“Training is like farming. You do all these things today that you can’t see producing a result in the hope of a future payoff. You plant the seeds, water and fertilize, and scare away the birds, all in the hope that one day some little green shoots will pop through the soil.”
“When these shoots start to show that’s like someone you haven’t seen in a while telling you how great you look and asking if you’ve lost weight. Looking at yourself in the mirror every day, your gym weights maybe not having budged for a month or more, it can be hard to tell. But little by little the shoots grow. The muscles become more visible, you get faster, or your clothes fit differently.”
“And seemingly, all of a sudden, as if it happened overnight, you’re fit.”
– Michael Boyle
Fitness is not an overnight concept. It can take months for progress to occur and sometimes you just mess it up and your crops wither and die.
When this happens in training it’s time to go back to your training diary and see what was working before you went wrong.

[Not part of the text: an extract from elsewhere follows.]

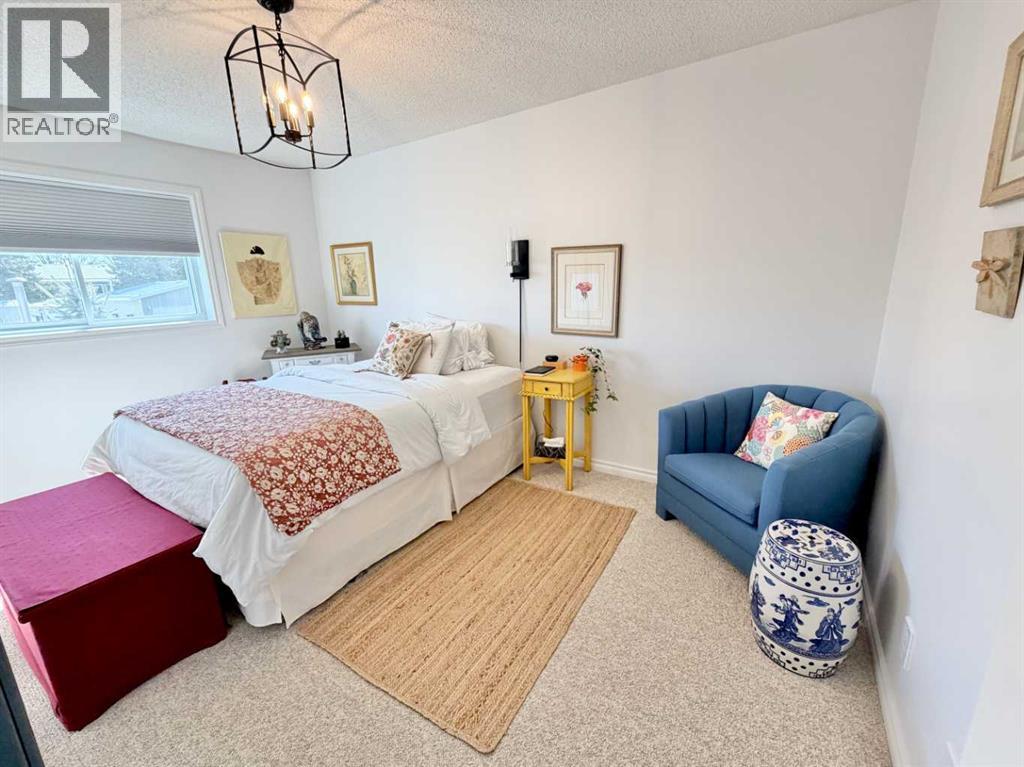 1004 13 Street SE - 14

This whole process isn’t helped by modern society. We want it all and we want it now. I’d argue that if more people spent more time in the gym maybe the credit bust might not have happened.
In life, you can buy whatever you want – just put it on the credit card. But there’s no credit card option with training.
In training you get exactly the fitness and strength you deserve. No more and no less. That’s probably not a bad lesson for many people today. You want it, be prepared to go work for it.
Don’t be surprised if it takes you the rest of your life to get what you’re after. The longer and harder you work for something the more you’ll appreciate it.
I remember when I started first going to the gym – I was fifteen. I made all the gym mistakes I write about. It has been a long and transforming journey so far. No one is good at anything on the first attempt. That’s another great lesson sport teaches us – perseverance.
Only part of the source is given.